Sunday, January 26, 2014

What point system did Ed Ruscha use to construct the screen print Standard Station?Art that depicts buildings, interiors or rectangular solids is...

Ed Ruscha’s screen print Standard
Station
was created in perfect two point perspective. One of the 2 points
(the right point) in Standard Station is in the precise bottom
right corner.  All the right edges of the building meet at this point.
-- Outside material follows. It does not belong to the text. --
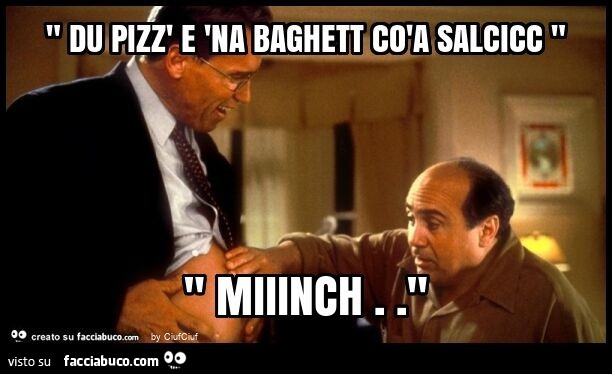 " du pizz' e 'na baghett còa salcicc " " miiinch. "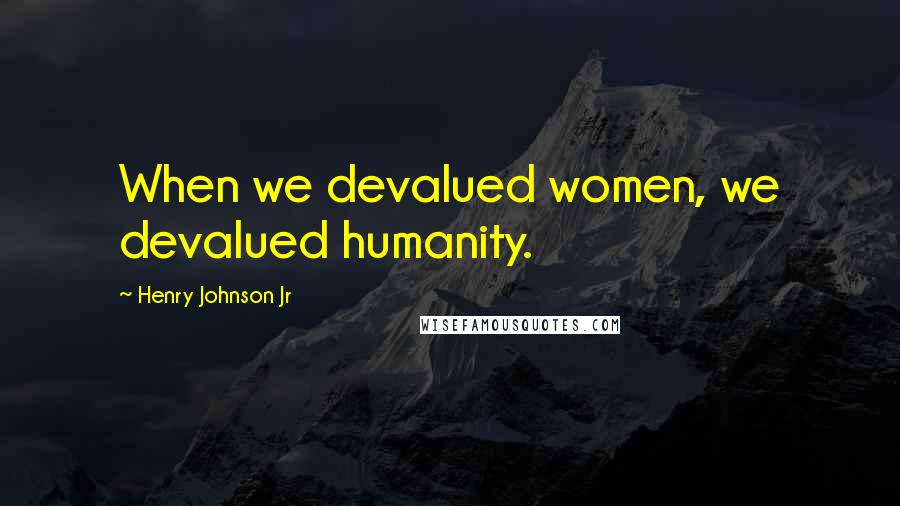 Henry Johnson Jr Quotes: When we devalued women, we devalued humanity.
The left point is
so far to the left that it is off the picture.  The horizon line is along the bottom
edge of the picture.


Here’s the way to analyze a picture
and tell whether it is in one, two, or three point perspective.  Imagine that you are
holding up an imaginary window right in front of your eyes and looking through it at a
picture.  Artists call this imaginary window your picture plane.  If the box or building
that you are looking at in the picture is positioned so that a whole wall or surface of
the building is flat against your picture plane, then the building is in one point
perspective.  If an edge of the building (where one wall meets another wall) is flat
against your picture plane, then the building is in 2 point perspective.  That is the
way it is in Standard Station.  If only one corner of the building
would touch your picture plane, then the building is in three point perspective.  This
is how artists analyze the rectangular solids around them to determine which point
system to use when drawing or painting a picture.